Vertical jump training is all about springing from the ground with power and grace. It is about reaching new heights and smoking the competition with unexpected speed and force. It is about using the entire body to get that height, speed and forceful power. Many people think it is all about getting maximum spring in the lower body, but that is entirely wrong. You have to use the entire body if you want to train yourself how to jump higher and with more power.
Professional athletes master their powerful jumps because they have experts coaching them to use all parts of their body to maximum benefit. They gain in skill very fast because they have access to training camps and expert trainers to which most people will never have access. Fortunately, that doesn’t mean you have to give up your desire to master how to increase vertical jump. You can start vertical jump training right in your own backyard with a bit of commitment and the right strategies.
One thing you can do to start vertical jump training in your own backyard is add plyometrics into your workout routine. You need to do some sort of workout at least four or five days a week to really make a difference in your vertical jump. These workouts can consist of cardio workouts to improve cardiovascular endurance while running up and down the court and jumping, strength exercises for the entire body, and drills for speed, jumping and other sport-related skills.
Plyometric exercises are used heavily in professional vertical jump training sessions, but it can be used by anyone, anywhere, anytime. These exercises are designed to work your body at maximum force and power for a short period of time.
You should not be able to do these exercises for very long periods of time, since they require every ounce of energy and force your body has at the moment. Some movements require you to add bursts of high intensity movements into slower paced workouts while others are individual plyometric movements performed as long as you can sustain them.
For example, you may go for a jog, but start jumping with your arms above your head for thirty seconds after every five or ten minutes of jogging. This should be a powerful jump where you spring from the ground with all of the force in your body. You may not even be able to sustain it for a full thirty seconds if you are performing it correctly.
Another plyometric exercise for vertical jump training is simply to jump from one side of a line to the other with as much speed and power as possible when learning how to increase your vertical.
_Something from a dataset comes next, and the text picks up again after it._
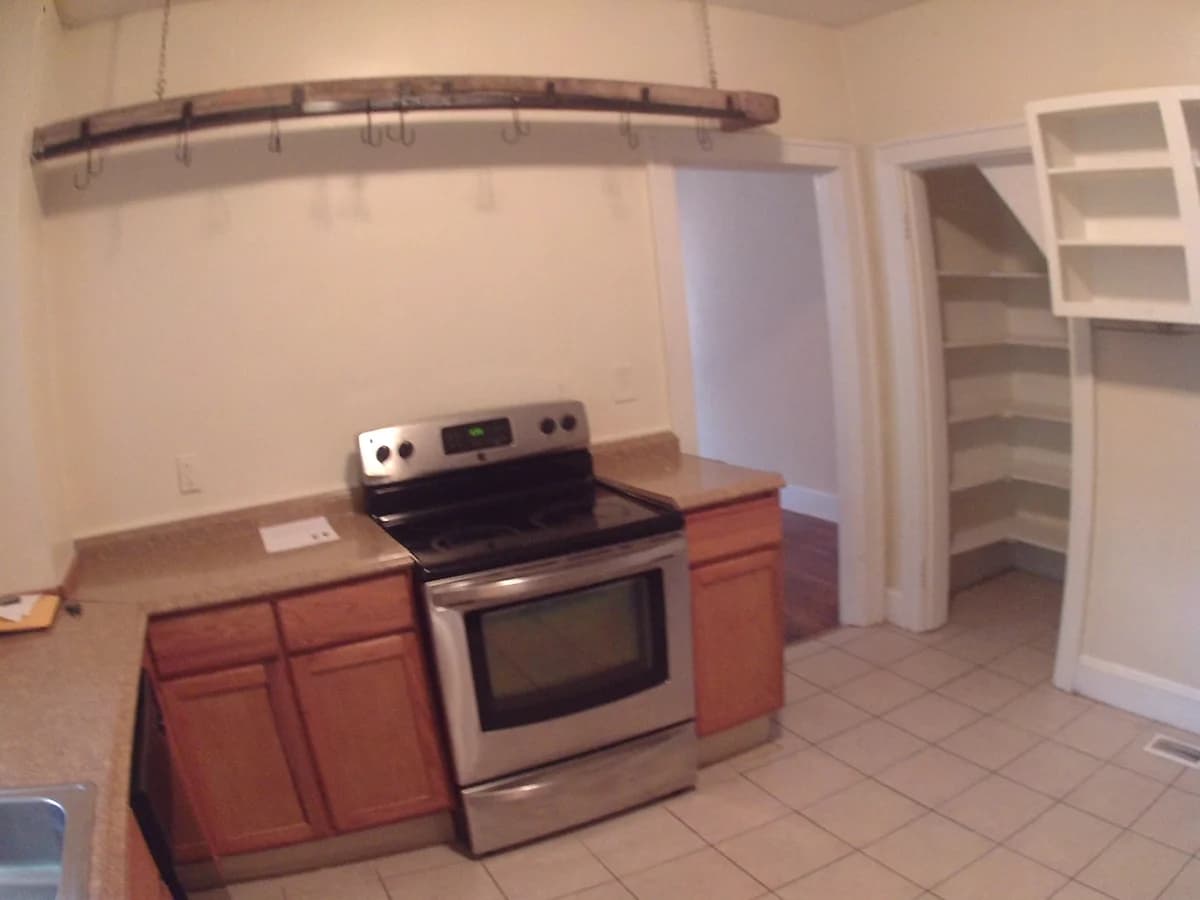 Lexington apartments for rent - Property image - 430 Oldham - 3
You can work your way up to jumping for longer periods of time and with more force and speed with. Burpees are another example of a popular exercise that fits into the category of plyometrics.
Plyometric exercises work because they train your body to use maximum force, power and speed all at the same time. This is essential when you are jumping up and want to catch as much air as possible. These exercises can also train your body to move from a casual movement like jogging into a forceful movement like jumping. This is essential to basketball, which is the most popular sport to focus on vertical jump training.